What you will do — All lines after the one containing "Gavin Newsom portrait", together with that line itself, should be written out exactly, down to the last line of the entries below.

Information shown —
◆ ◆ ◆
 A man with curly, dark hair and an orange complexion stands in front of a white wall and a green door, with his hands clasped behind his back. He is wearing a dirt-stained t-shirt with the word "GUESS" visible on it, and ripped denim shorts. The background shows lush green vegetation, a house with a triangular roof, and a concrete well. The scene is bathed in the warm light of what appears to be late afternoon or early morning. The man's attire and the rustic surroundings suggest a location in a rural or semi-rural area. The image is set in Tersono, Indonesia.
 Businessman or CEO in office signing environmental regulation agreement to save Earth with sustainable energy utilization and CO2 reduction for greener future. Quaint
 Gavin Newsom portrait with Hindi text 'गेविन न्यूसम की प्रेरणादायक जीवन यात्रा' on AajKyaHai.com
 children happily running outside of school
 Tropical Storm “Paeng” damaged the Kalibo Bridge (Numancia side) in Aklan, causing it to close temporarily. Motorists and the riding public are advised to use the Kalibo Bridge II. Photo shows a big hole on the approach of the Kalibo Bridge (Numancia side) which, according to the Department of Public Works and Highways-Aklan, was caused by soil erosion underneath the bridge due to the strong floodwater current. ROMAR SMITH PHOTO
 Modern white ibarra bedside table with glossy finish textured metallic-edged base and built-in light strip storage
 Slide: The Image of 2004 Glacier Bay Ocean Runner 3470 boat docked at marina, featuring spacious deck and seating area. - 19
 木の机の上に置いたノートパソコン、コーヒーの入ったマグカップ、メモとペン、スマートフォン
◆ ◆ ◆
Task response —
 Gavin Newsom portrait with Hindi text 'गेविन न्यूसम की प्रेरणादायक जीवन यात्रा' on AajKyaHai.com
 children happily running outside of school
 Tropical Storm “Paeng” damaged the Kalibo Bridge (Numancia side) in Aklan, causing it to close temporarily. Motorists and the riding public are advised to use the Kalibo Bridge II. Photo shows a big hole on the approach of the Kalibo Bridge (Numancia side) which, according to the Department of Public Works and Highways-Aklan, was caused by soil erosion underneath the bridge due to the strong floodwater current. ROMAR SMITH PHOTO
 Modern white ibarra bedside table with glossy finish textured metallic-edged base and built-in light strip storage
 Slide: The Image of 2004 Glacier Bay Ocean Runner 3470 boat docked at marina, featuring spacious deck and seating area. - 19
 木の机の上に置いたノートパソコン、コーヒーの入ったマグカップ、メモとペン、スマートフォン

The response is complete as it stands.